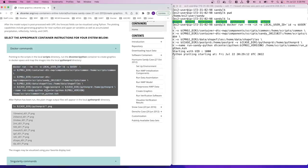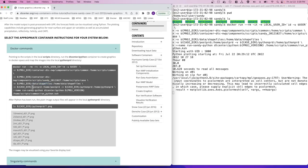For this step, Docker uses the DTCenter Python container to run the provided run python script. This uses shapefiles located in the data directory, as well as the post-processed forecast files produced in the previous step located in the post-prd output directory. The graphics generated in this step are placed in the python-prd output directory.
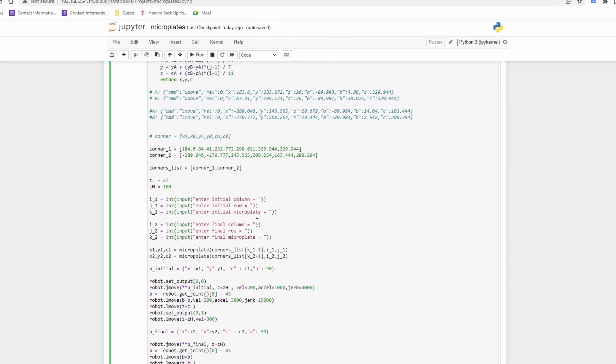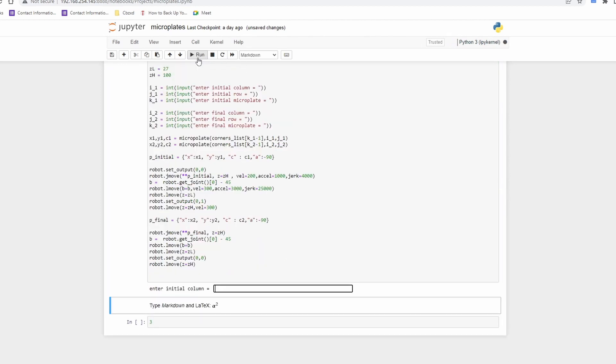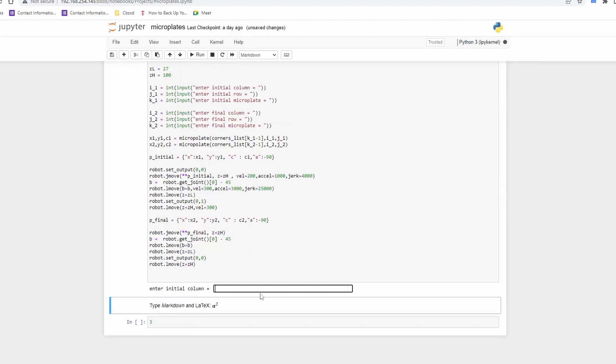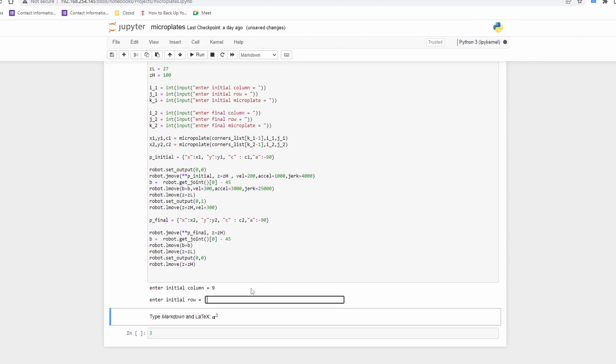Here we ask the program to pick from the column 9 and row 3 of the first microplate and place it on row 4 and column 4 of the second microplate. Here is the result.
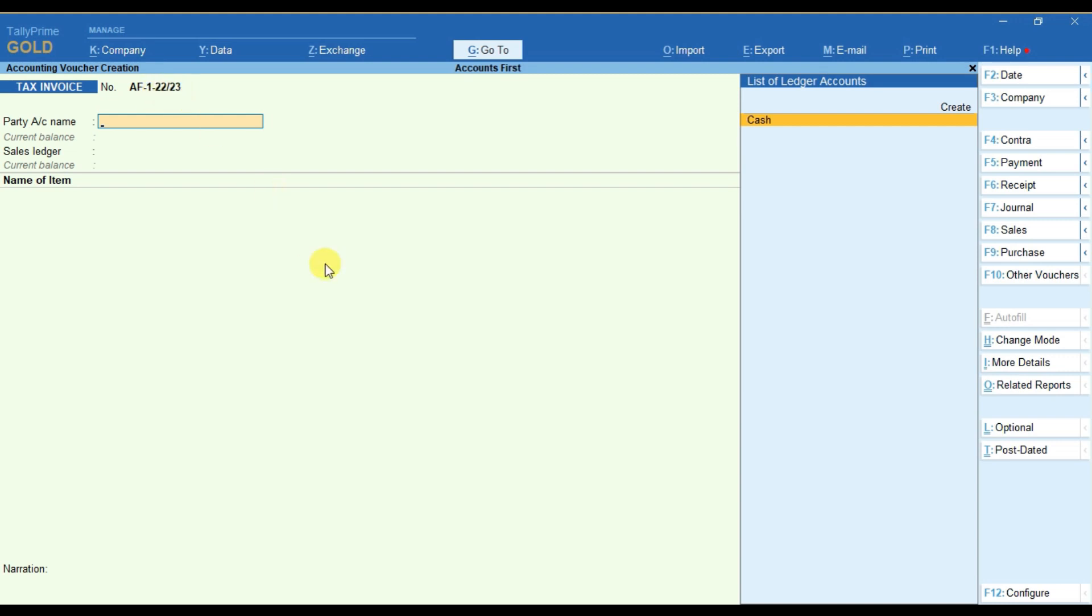This way you can add any prefix or suffix to any type of voucher that you wish to. Thank you.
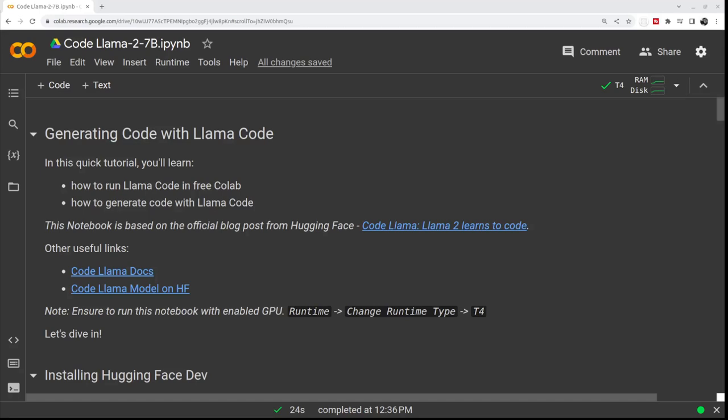Hi, in today's video I will show you how to use Code Llama, a new model released by Meta only last week. It is a fine-tuned model based on Llama 2 which is here only to generate code, and I will show you how to run it in this Colab notebook.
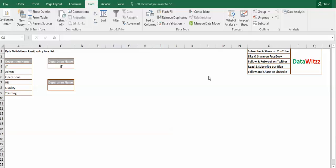Welcome to DataVids. Let us learn about data validation in this video.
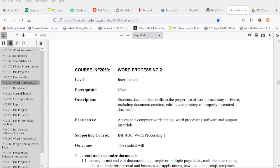Welcome to the introductory video for Information Processing 2050 Word Processing 2. This is one of the Career and Technology Studies courses that Alberta has to offer.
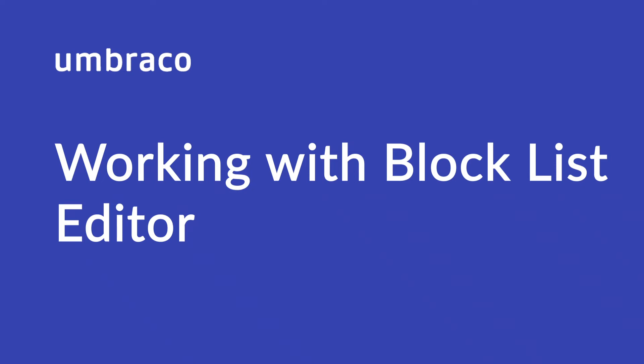Hi there and welcome back to Umbraco Learning Base channel. My name is Isha and in today's video we'll create a simple block list using an element type and render it on the front end.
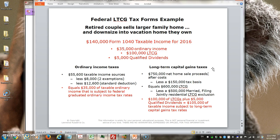In the long-term capital gains taxes column, we're going to assume that the home they sell has net sales proceeds after costs of $750,000. Many years ago they acquired this house for $150,000 — that's the tax basis. So the difference between the two amounts is $600,000, which is what would potentially be subject to long-term capital gains taxes. However, if you follow the tax rules — which you can look up in IRS publications — you can take a $500,000 married filing jointly exclusion on a residential property that you sell.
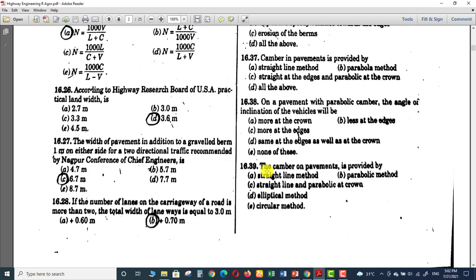Question 39 asks again about how camber on pavement is provided — this is essentially the same as question 37. All three methods — straight line, parabolic, and combination — are correct. There should be an 'all of the above' option, but it is not given in this book. The book selects option C as the right answer, but for me options A, B, and C are all correct answers for this question.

....

> Your task
All of the data above should be transcribed verbatim, with pictures omitted.

> Response area
For this step, Docker uses the DTCenter Python container to run the provided run python script. This uses shapefiles located in the data directory, as well as the post-processed forecast files produced in the previous step located in the post-prd output directory. The graphics generated in this step are placed in the python-prd output directory.
Here we ask the program to pick from the column 9 and row 3 of the first microplate and place it on row 4 and column 4 of the second microplate. Here is the result.
This way you can add any prefix or suffix to any type of voucher that you wish to. Thank you.
Hi, in today's video I will show you how to use Code Llama, a new model released by Meta only last week. It is a fine-tuned model based on Llama 2 which is here only to generate code, and I will show you how to run it in this Colab notebook.
Welcome to DataVids. Let us learn about data validation in this video.
Welcome to the introductory video for Information Processing 2050 Word Processing 2. This is one of the Career and Technology Studies courses that Alberta has to offer.
Hi there and welcome back to Umbraco Learning Base channel. My name is Isha and in today's video we'll create a simple block list using an element type and render it on the front end.
In the long-term capital gains taxes column, we're going to assume that the home they sell has net sales proceeds after costs of $750,000. Many years ago they acquired this house for $150,000 — that's the tax basis. So the difference between the two amounts is $600,000, which is what would potentially be subject to long-term capital gains taxes. However, if you follow the tax rules — which you can look up in IRS publications — you can take a $500,000 married filing jointly exclusion on a residential property that you sell.
Question 39 asks again about how camber on pavement is provided — this is essentially the same as question 37. All three methods — straight line, parabolic, and combination — are correct. There should be an 'all of the above' option, but it is not given in this book. The book selects option C as the right answer, but for me options A, B, and C are all correct answers for this question.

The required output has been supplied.